Indústria Têxtil Vestuário

Springkode quer juntar calçado e têxteis-lar ao vestuário

Reinaldo Moreira,  CEO da Springkode, acompanhado de alguns dos membros da   equipa. Fotografia:  Pedro Granadeiro / Global Imagens
Reinaldo Moreira, CEO da Springkode, acompanhado de alguns dos membros da equipa. Fotografia: Pedro Granadeiro / Global Imagens

A empresa de e-commerce do Porto permite ao consumidor comprar diretamente das fábricas. Conta já com 17 parceiros e quer chegar aos 30.

A Sprinkode, empresa pioneira de e-commerce que liga a indústria têxtil diretamente ao consumidor, quer alargar a sua gama de produtos. Ao vestuário de senhora e de homem, pretende associar o calçado e os acessórios, mas também os têxteis-lar. Indústrias em que Portugal dá cartas no mundo. Criada no Porto, dá visibilidade a parceiros industriais por todo o norte e até já atraiu a atenção da Google, tendo sido convidada a integrar o primeiro programa de aceleração da tecnológica em Portugal, que arranca já a 27 de janeiro.

“Estamos muito focados no crescimento das nossas vendas assentes no marketing digital e podermos aprender com os melhores é simplesmente incrível”, admite Reinaldo Moreira, cofundador e diretor-geral da empresa.
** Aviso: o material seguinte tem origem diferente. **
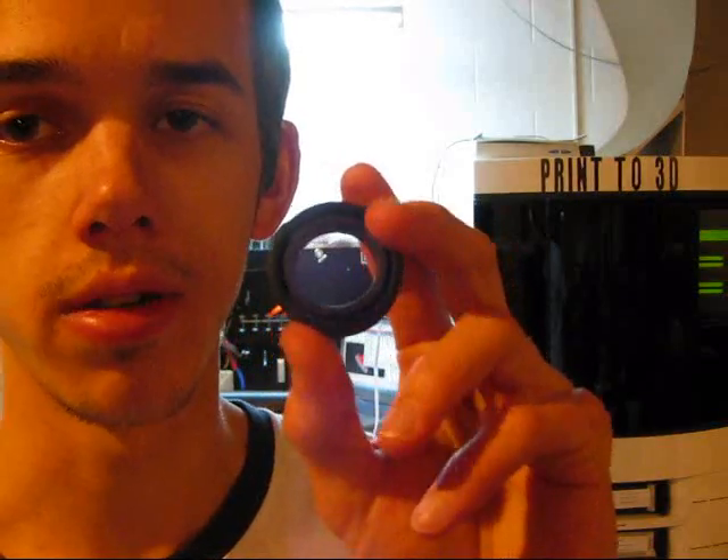Both of these were printed on my machine back here in the background, which is a Dimension BST768. The BST stands for Breakaway Support Technology. Dimension also has SST technology, which stands for Soluble Support Technology — basically you dip the parts into a machine that dissolves the support material, just like a Tylenol gel cap.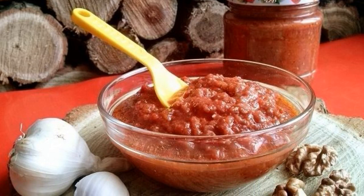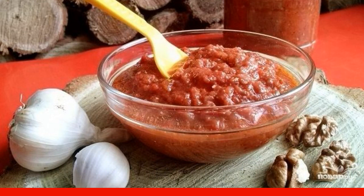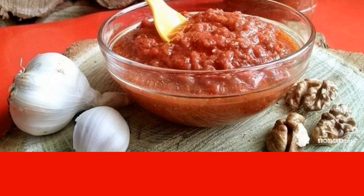Adjika in the oven is an excellent option for preparing a spicy seasoning for the winter. It can be added to hot entrees, served with meat, fish, and as a separate appetizer sauce.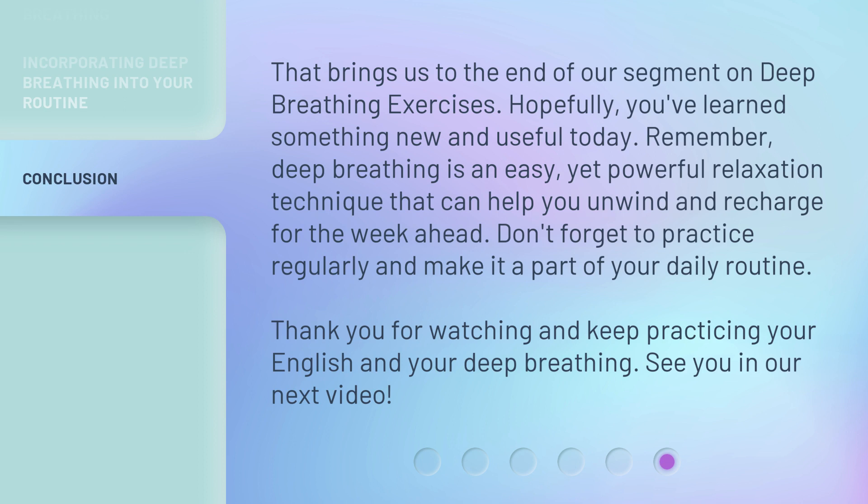Don't forget to practice regularly and make it a part of your daily routine. Thank you for watching, and keep practicing your English and your deep breathing. See you in our next video.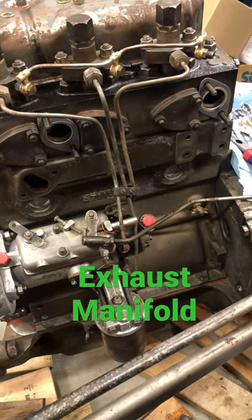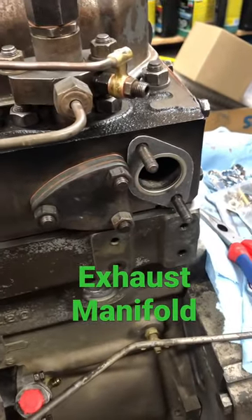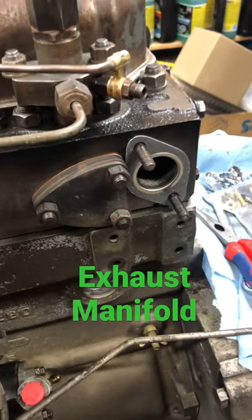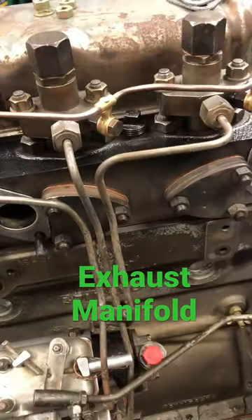Alright guys, here we are installing the exhaust manifold. I just put these two gaskets on here — they come in the kit. There are a couple different ones depending on what engine you have. Here's the manifold; it mounts right on here and here, and this is all we need to get her going.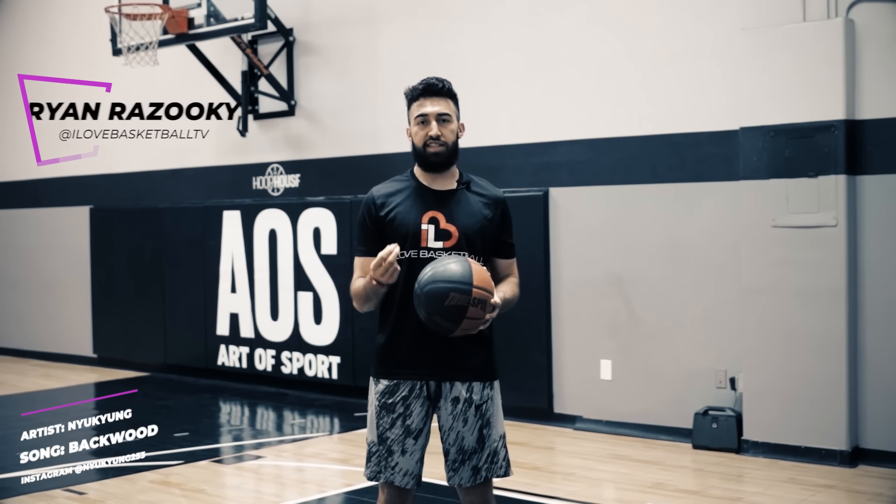What is up? I Love Basketball TV, it's Coach Ryan Rizuki and today we are talking about consistency with shooting. This is probably one of the most important things you have to understand about shooting — how to be consistent and make as many shots as possible. So let's get into it.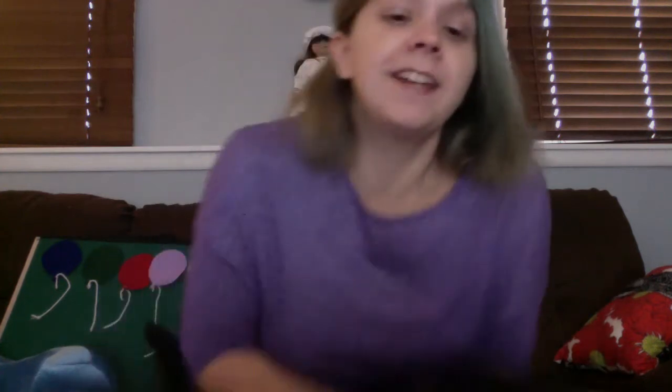Hi everyone. Welcome to Storytime with Miss Sarah. Let's get started with our hello cat!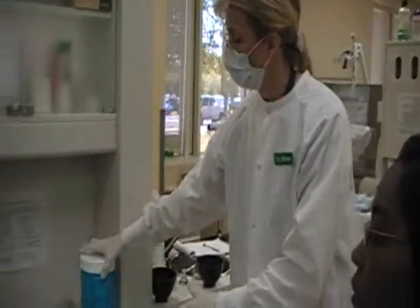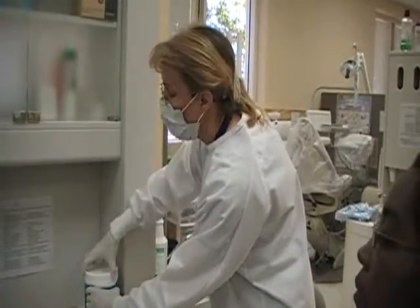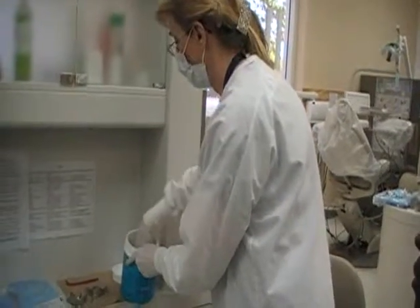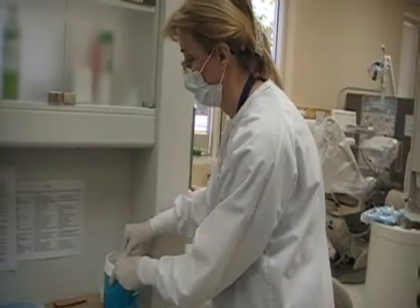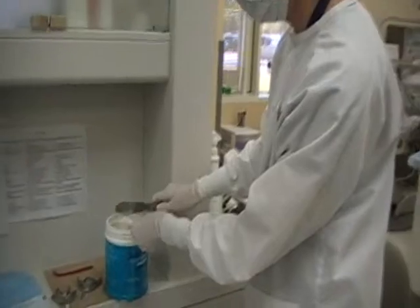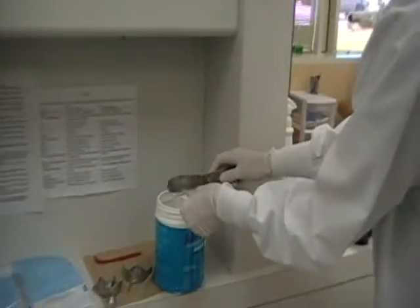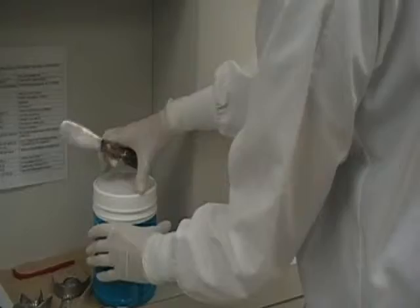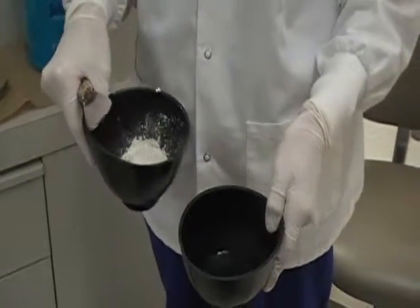We're going to add the water to one bowl. What we want to do is to first fluff the alginate. The reason I'm wearing a mask is because when I open this, there's often alginate dust that can be released and we don't want to breathe that in. Then we find our scooper. What you want to do is tap it very lightly, then slide it, and add it to a dry bowl — there's one measure, and there's two. You always want to add powder into liquid because you want to wet all of the powder particles.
Em dezembro, a Sprinkode concluiu, em Londres, o programa de aceleração Dream Assembly, da Farfetch, com toda a visibilidade inerente que trouxe ao projeto junto de investidores internacionais.

Mas o que faz a Springkode? Permite ao consumidor final comprar diretamente nas fábricas, onde as grandes marcas de luxo internacionais vêm produzir as suas coleções, assegurando-lhe o acesso a produtos de elevada qualidade a preços mais competitivos, foi o primeiro objetivo de Reinaldo Moreira quando pensou neste projeto e desafiou Miguel Pinto, também como ele ex-quadro da Sonae, a criar a Springkode, a que se juntou, mais tarde, Francisco Pimentel. Mas quiseram ir mais longe e ajudar a indústria têxtil, a segunda mais poluente do mundo, a diminuir a sua pegada ambiental. E, por isso, todas as peças à venda são produzidas a partir de matérias-primas excedentárias, ajudando a dar utilidade aos stocks que se acumulam.

O projeto arrancou com três fábricas, em 2018, fechou o ano seguinte com 14 e espera, até ao fim do ano, chegar aos 30 parceiros, incluindo unidades industriais estrangeiras, estando em negociações com fábricas espanholas e inglesas. “Desafiamos a confeção a aproveitar todo o know how, expertise e investimentos já realizados em recursos humanos e equipamentos em seu próprio benefício, aproveitando os tempos mortos e as flutuações da procura para rentabilizarem os ativos que já têm”, explica Reinaldo Moreira.

Todos os artigos são criados pelas próprias fábricas e vendidos no marketplace da Springkode, que cobra uma comissão em cima de cada venda e articula a parte logística com as fábricas e a DHL. Cerca de 80% das vendas são feitas em Portugal, mas há clientes por toda a Europa, com particular incidência em Espanha e no Reino Unido.

O ano passado foi o primeiro exercício completo da empresa e a aposta esteve centrada, sobretudo, no crescimento da rede de parceiros. Neste ano, a Springkode espera já chegar aos 300 mil euros de vendas, uma meta “ambiciosa mas alcançável”. A rastreabilidade e a transparência são duas das mais-valias do projeto. Na página da empresa o cliente encontra o preço de produção de cada peça e como se divide esta em termos de custos laborais, de materiais e de impostos. E quanto custaria se fosse vendida numa loja. O terceiro passo é a circularidade, através da reintrodução dos produtos na cadeia de valor quando chegam ao fim da sua vida útil, a que esperam poder aceder já em 2021.

São muitos e variados os clientes da Springkode, mas se tivéssemos que indicar o cliente-tipo, Reinaldo Moreira indica que é uma mulher, de 35 anos, que mora em Lisboa, é formada em psicologia e trabalha na área dos recursos humanos. “É uma pessoa ocupada, com pouco tempo disponível para procurar peças com a relação qualidade-preço que mais lhe agrada. Alguém prático e pragmático, mas que não descura, de todo, o conforto, a elegância e a qualidade”, frisa. Um projeto a que se associou, o ano passado, a estilista Katty Xiomara, que desenvolveu uma coleção cápsula sustentável, produzida pela Bless Internacional. “Correu muito bem, gerou grande interesse por parte dos nossos clientes e dos nossos parceiros, e é uma abordagem que queremos repetir com outros designers. Já temos alguns alinhados, vamos a ver com que frequência iremos fazer estas parcerias”, acrescenta o jovem empresário.